WHAT YOU SHOULD DO: Data follows below. Repeat exactly the lines between the line holding "A killer whale in the water at night." and the line holding "Sheep lamb grazing", inclusive, and nothing more; drop pictures.

LISTED ENTRIES:

============

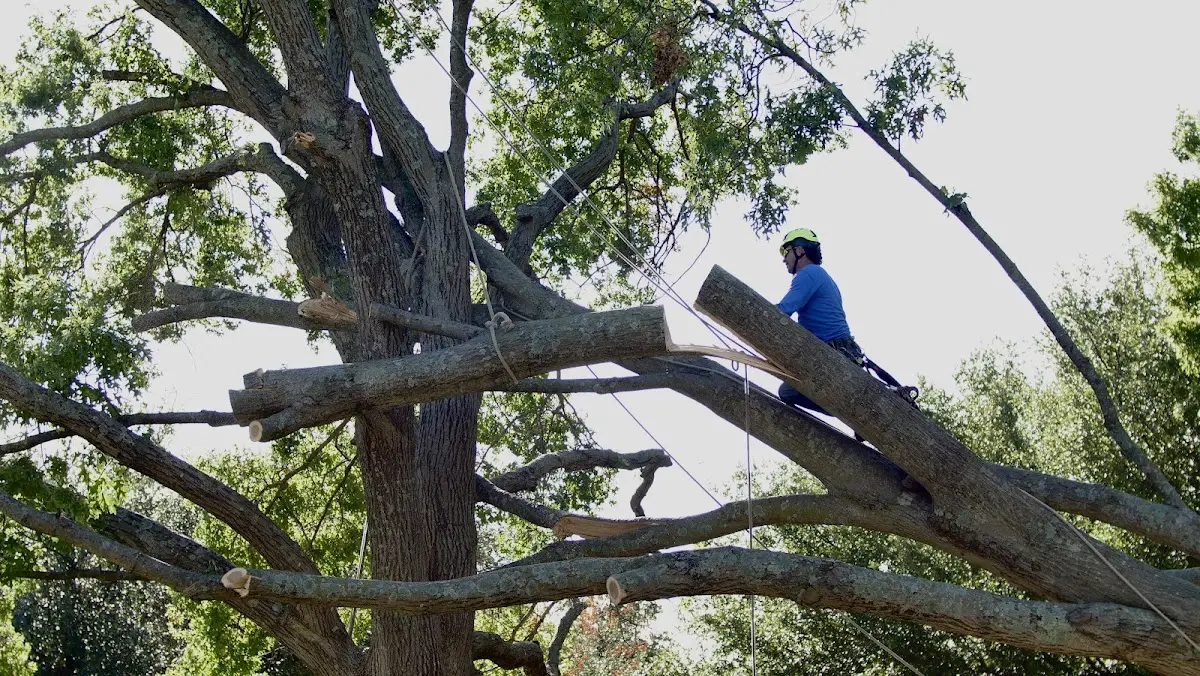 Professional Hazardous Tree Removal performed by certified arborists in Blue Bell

============

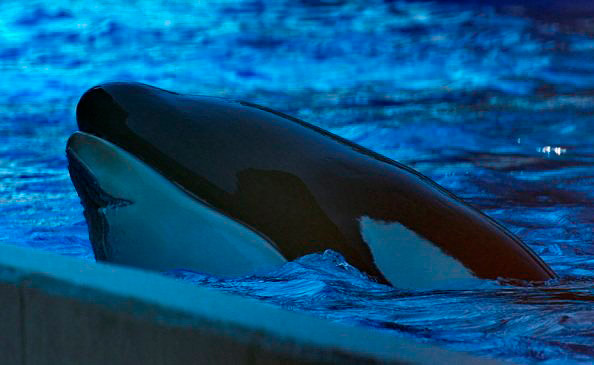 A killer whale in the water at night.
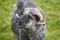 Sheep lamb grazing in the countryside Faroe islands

============

WRITTEN ANSWER:
 A killer whale in the water at night.
 Sheep lamb grazing in the countryside Faroe islands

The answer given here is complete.